Confidente appartient à ce sous-genre, assez prisé depuis quelques années, du thriller téléphonique, huis clos claustrophobique et angoissant. Sabiha, jouée magnifiquement par Saadet Işıl Aksoy, qui porte le film de bout en bout, travaille comme opératrice dans un call center érotique à Ankara, à cinq cents kilomètres d’Istanbul. Elle porte le pseudonyme d’Arzu et dissimule à son entourage la nature de son emploi, jugé a priori trop sulfureux pour obtenir la garde de son fils dans cette Turquie de 1999, marquée par le patriarcat, un climat politique et social tendu, et la corruption des élites. Sabiha reçoit donc des appels d’hommes aux fantasmes variés, plus ou moins banals ou tordus. Elle prend des notes dans un carnet sur les demandes et les propos de ses clients réguliers afin de satisfaire au mieux leurs attentes et de créer un sentiment de proximité, d’intimité avec eux.

Un tremblement de terre survient à Istanbul et l’un de ses clients, coincé dans un éboulement, a le réflexe d’appuyer sur la touche de rappel de son téléphone. Sabiha, qui malgré un quotidien compliqué et assez sordide — elle subit les avances répétées du manager du call center, à l’allure de proxénète, mais aussi les jalousies et manœuvres de certaines de ses collègues — conserve une véritable empathie pour les autres et va tout faire pour sauver le jeune homme. Pour cela, elle décide de faire pression sur un autre de ses interlocuteurs, un procureur sur lequel elle sait beaucoup de choses et qui est la seule personne en mesure de donner l’ordre aux secours d’intervenir.

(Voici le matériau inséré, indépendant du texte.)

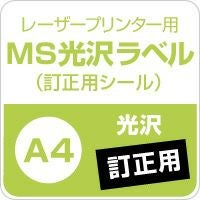 MS光沢ラベル　訂正用シール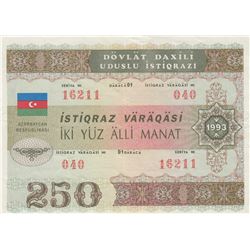 AZERBAIJAN
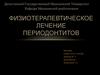 Физиотерапевтическое лечение периодонтитов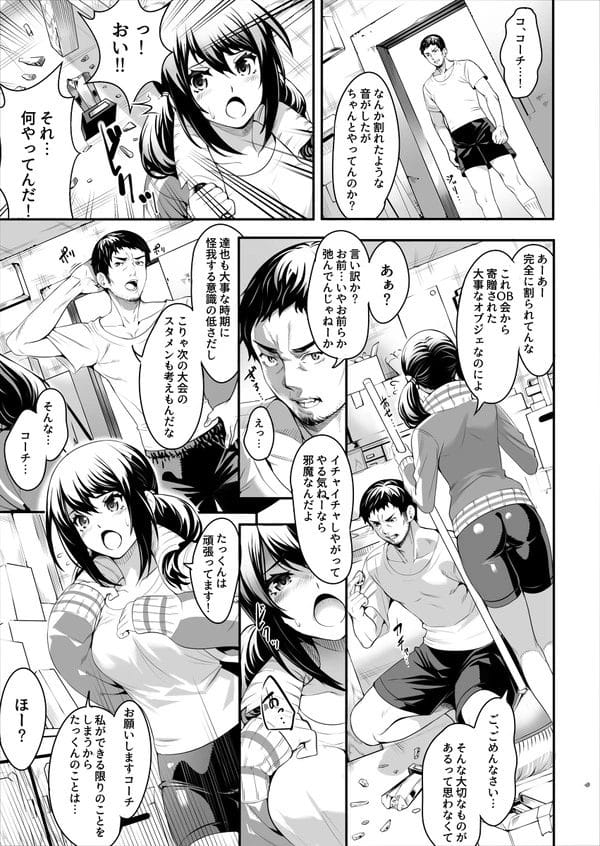 コーチに弱み握られて犯された彼氏持ちの女子マネが快楽堕ちでＮＴＲされちゃったｗ【無料 エロ漫画】-6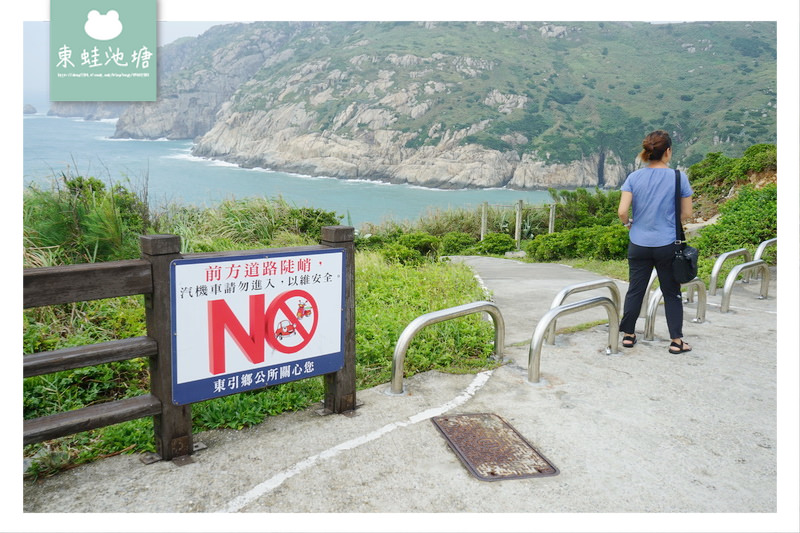 【馬祖東引景點推薦】海蝕溝奇岩景觀 天縫聆濤一線天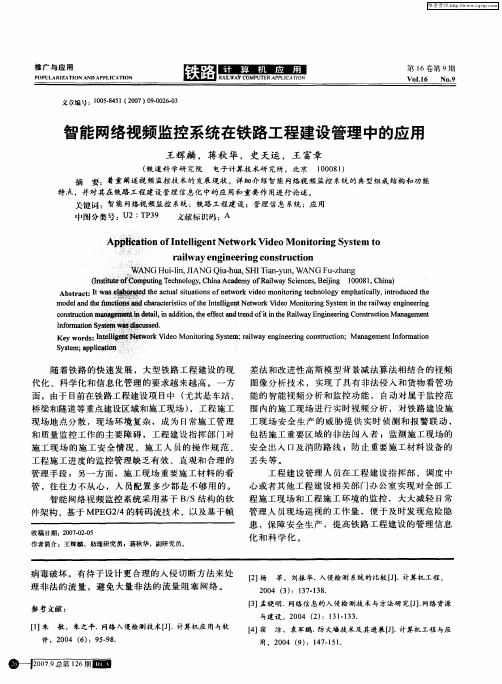 智能网络视频监控系统在铁路工程建设管理中的应用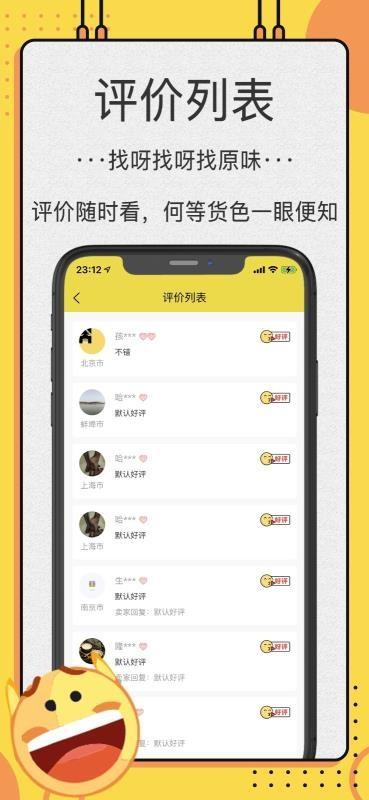 OK原味圈app下载,OK原味圈手机版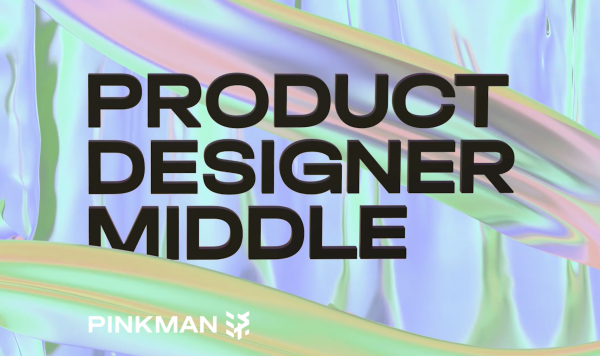 Pinkman ищет product- middle- дизайнера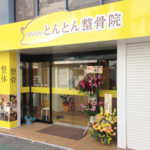 とんとん整骨院外観写真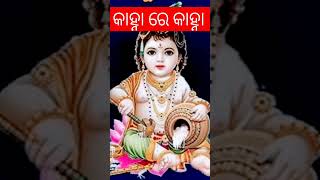 କାହ୍ନା ରେ କାହ୍ନା,,,,,,,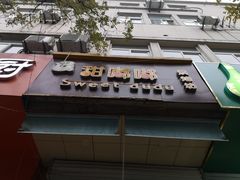 门面-甜嘟嘟烘焙坊(舒城路店)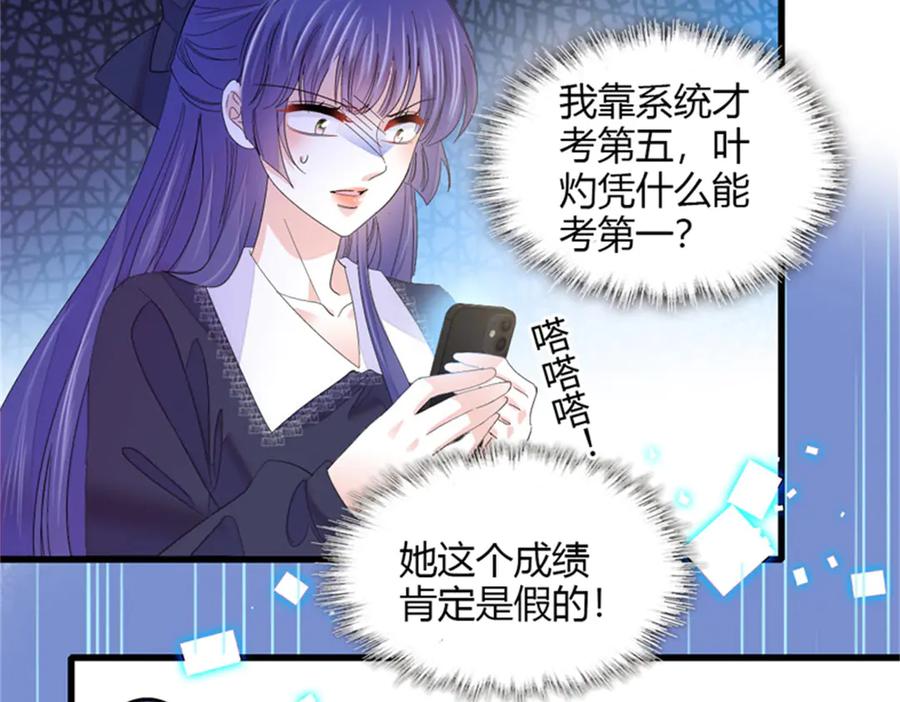 85系统反噬-全能千金燃翻天-阅文漫画/客心文化（第10张）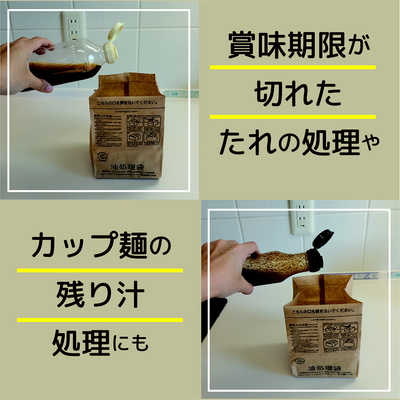 服部製紙 廃油処理袋かたづけポイ 2P の通販 - カテゴリ：日用品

Thriller politique, charge sociale contre la corruption des élites et le patriarcat, drame intimiste, Confidente est tout cela à la fois. Ce qui en fait la richesse du film, mais constitue parfois une légère limite. À trop vouloir instiller une grande complexité et multiplier les niveaux de lecture, le récit pourrait perdre en impact et en crédibilité. Les rebondissements sont nombreux et certains peuvent sembler superfétatoires. L’ensemble demeure toutefois solide grâce à une mise en scène efficace, à la qualité de l’interprétation et au travail du chef opérateur Eric Devin. Sabiha reste, malgré les circonstances, une femme en quête de vérité, dont les actes sont en adéquation avec les valeurs qu’elle défend. Ce personnage, courageux et déterminé à préserver sa dignité, n’est pas dénué d’ambiguïté ni de mystère, comme le suggèrent l’ultime image du film et la chanson choisie pour accompagner le générique de fin.